## How to complete this task
The result should be the listing below, restated exactly, with its pictures left out.

## Supplied data
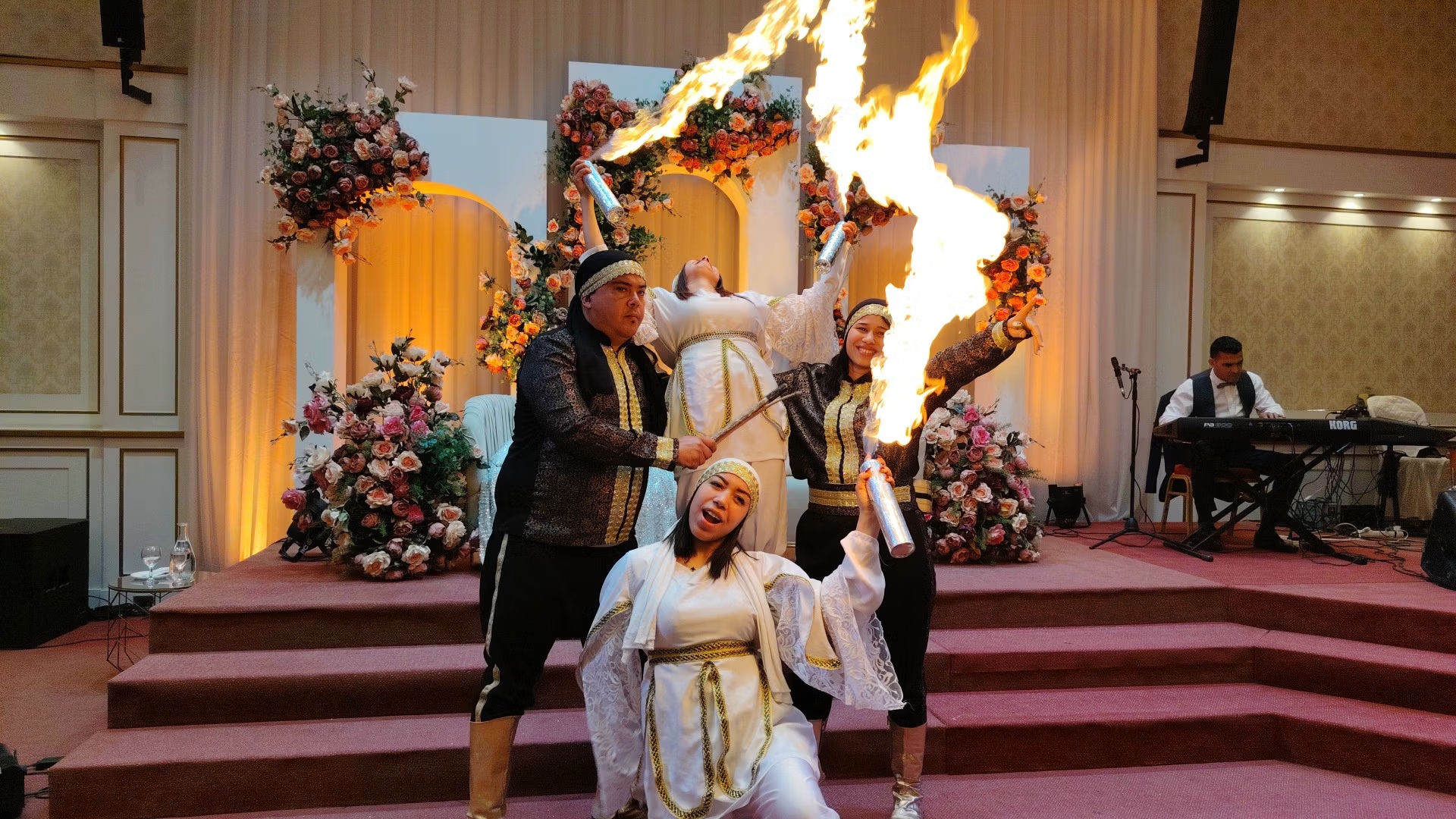Troupe Hassen Belkhouja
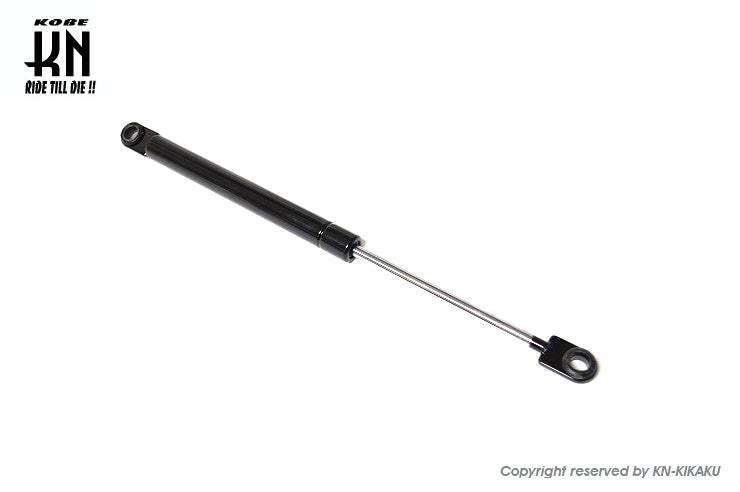 リアボックスダンパー【ジャイロキャノピー】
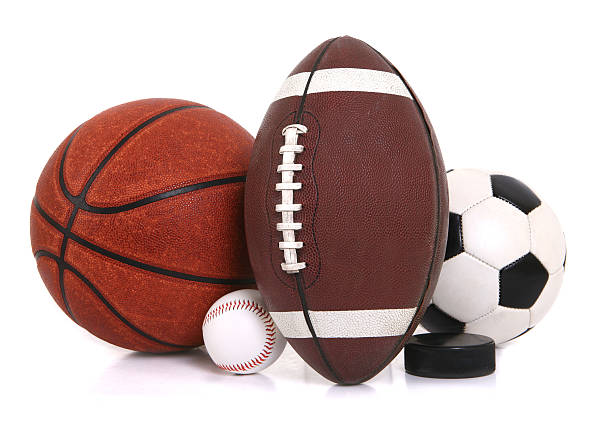 istock Sports Balls 173565055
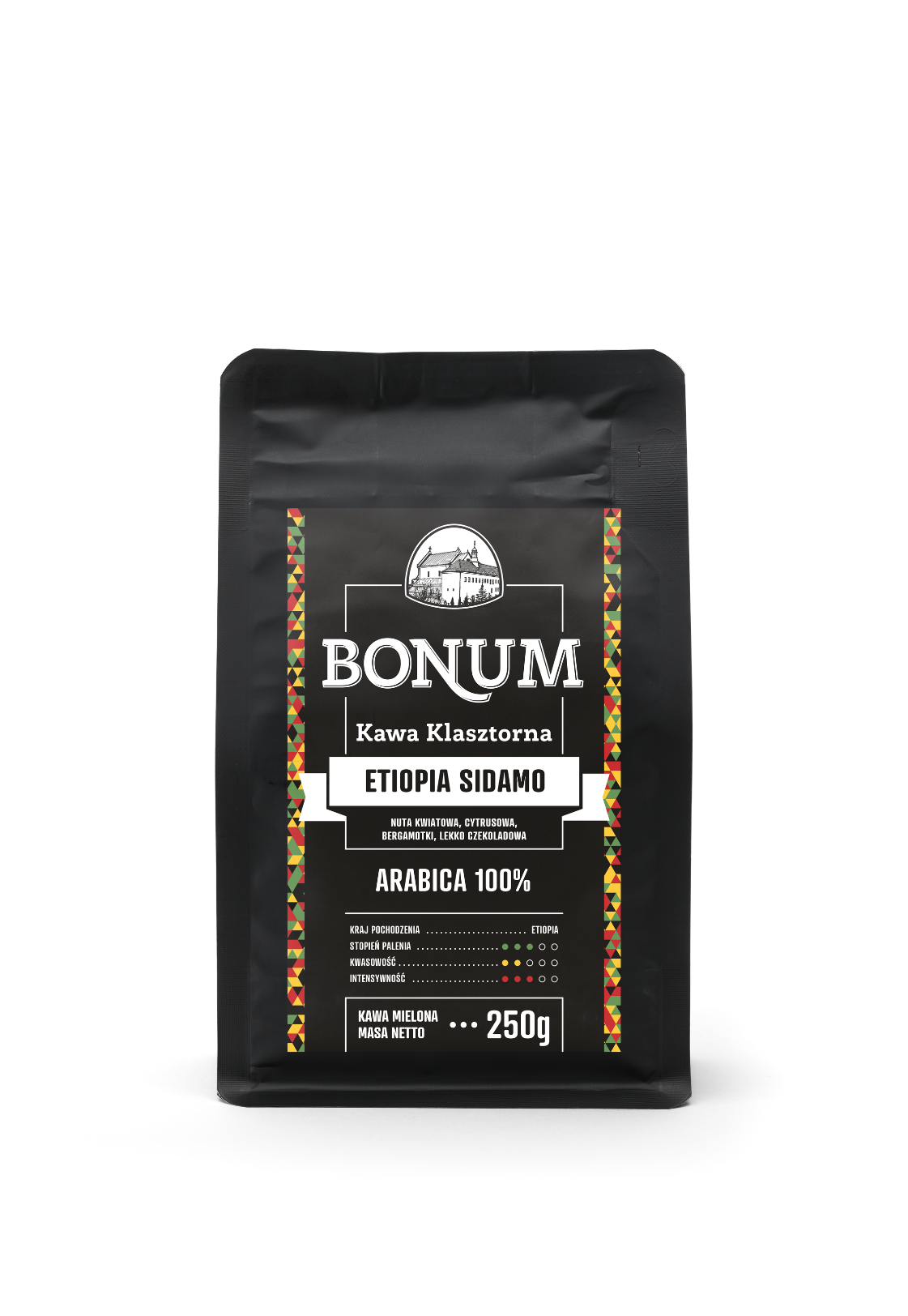 Etiopia Sidamo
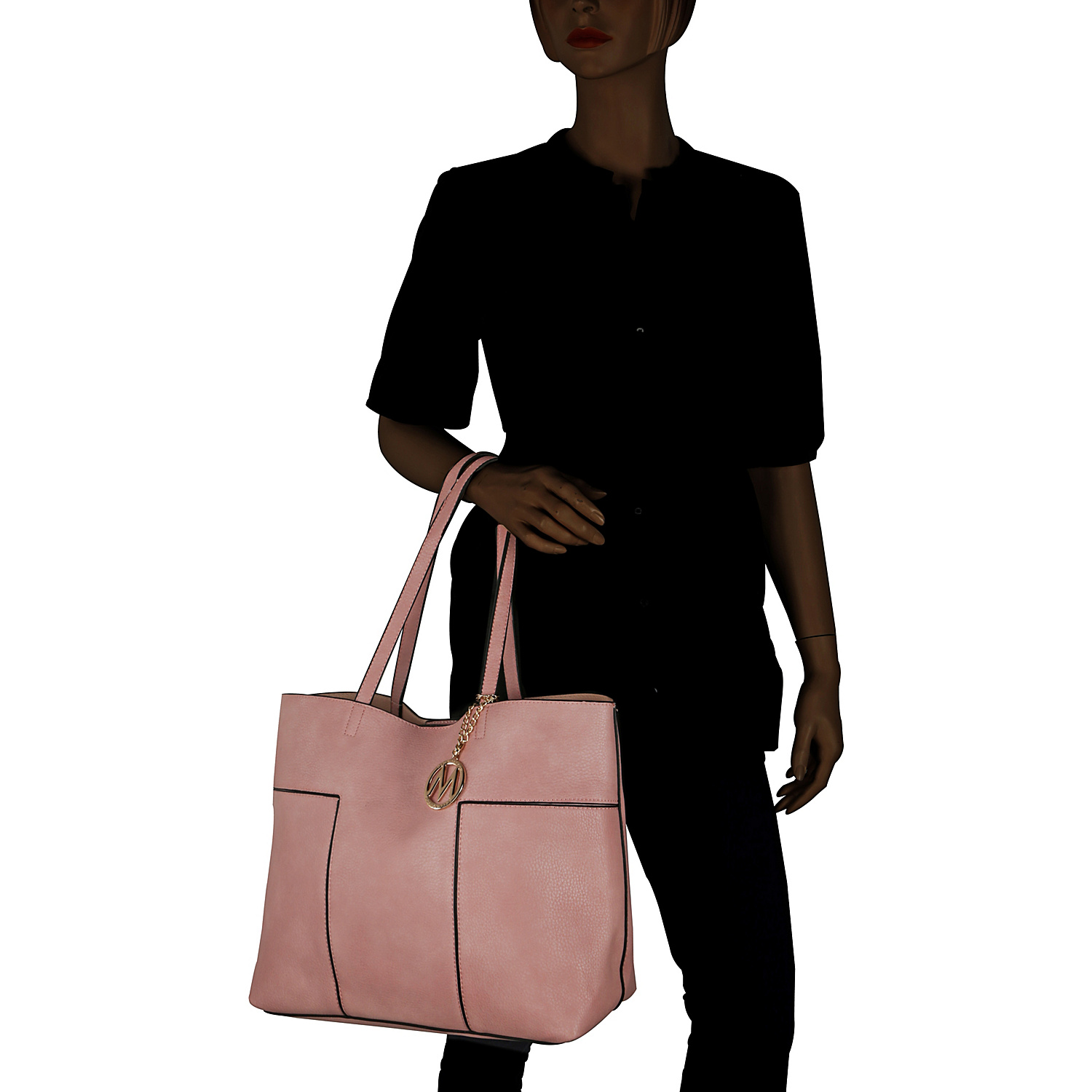 Sadie Tote Bag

## Task solution
Troupe Hassen Belkhouja
 リアボックスダンパー【ジャイロキャノピー】
 istock Sports Balls 173565055
 Etiopia Sidamo
 Sadie Tote Bag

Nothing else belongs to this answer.